Priceline.com founder Jay Walker is moving into a new consumer-names-his-own-price venture online, this time selling groceries at a discount of up to 50%.
At the conference, Walker showed television and radio ads about to air in the New York metropolitan area. The ads feature William Shatner declaring jubilantly: “First airline tickets–now, groceries!” In the TV spots, the former Starship Enterprise captain demonstrates a visit to the Priceline site where he chooses the price of ketchup, French fries and other supermarket fare; prints out the results; and picks up his groceries at his local supermarket.
Walker’s prediction, after showing the ads to the packed-to-the-rafters crowd: “If we can price soda and French fries…that probably tells you how dramatic the [Net] is going to be.”

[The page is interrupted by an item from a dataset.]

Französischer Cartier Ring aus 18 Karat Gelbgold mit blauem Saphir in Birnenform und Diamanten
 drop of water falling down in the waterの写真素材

The grocery endeavor, Walker told an audience appearing rather stunned at the DM visionary’s latest brainstorm, is a natural extension of the way groceries are priced now, with consumers paying different prices depending on whether they have a coupon or belong to a warehouse club, for example. For groceries, he said–as Priceline.com has proved with airline tickets–“price fixing is almost dead.”
Because of the control the Internet affords the consumer, marketers will soon be grappling over “a choice between giving a better price or losing a customer.”
As for the company’s flagship venture, its doing just fine, thank you. Walker said Priceline sells 2% of all leisure airline tickets per day.